The PRI system was deeply corrupt, and many of his people got richer at the expense of the poor, who suffered fierce repression whenever they tried to resist. It tried to cover up this situation with subsidies, debt and inflation, that future generations would have to pay for. Many intellectuals were generously paid for their part in this make up work, a part that included writing Mexican history in such a way that it would conform to the official rhetoric.

All this made a mess of the historical consciousness of the Mexican people. Juárez capitalism and PRI-ist corruption and oppression were successfully presented as left.

All this is only part of the story, of course. We have, for instance, the fascinating joining of men who were mortal enemies in one pantheon of heroes. But the point I want to emphasize is the mess the PRI version of Mexican history, mainly of the Juárez period and of the nature of the system itself, has caused in the ideological debates of the present. The insistence of many intellectuals in the validity of that version is like a virus that makes it very difficult to examine objectively a series of issues.

The enormous complexity of history is too often simplified for party purposes, sometimes causing a very serious distortion.

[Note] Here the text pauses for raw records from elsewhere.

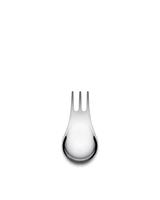 Alessi Moscardino GIMR01S4 - Set of Four Design Multipurpose Cutlery, Synthesis of Fork and Spoon, in 18/10 Polished Stainless Steel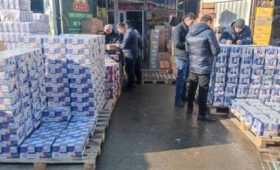 ГНС в Бишкеке изъяла крупную партию контрафактного энергетического напитка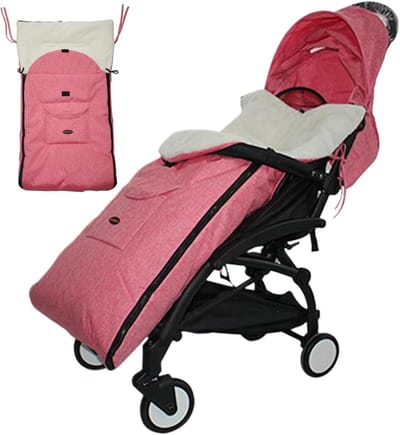 Kinderwagen Voetenzak - Winter Slaapzak - Warm Buiten - Pluche Voering - 93 x 43 cm - Stijl 1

The cure for this cultural illness is cultural health: making people aware of the true nature of historiography, and of the true history of the society they are interested in.

Mexican historiography has developed enormously in the last half century or so. For some strange reason, political debate has remained far behind it in its understanding of Mexican history. Intellectuals that should know better keep using old myths in their approach to present day issues.

The natural solution for this problem would be to dialogue about the history that lies at the bottom of that approach. There is, however, a vicious circle: the present day approach contaminates the understanding of history and prevents an objective look at it. I suggest showing these two trends in their interrelationship and inviting comments on this point.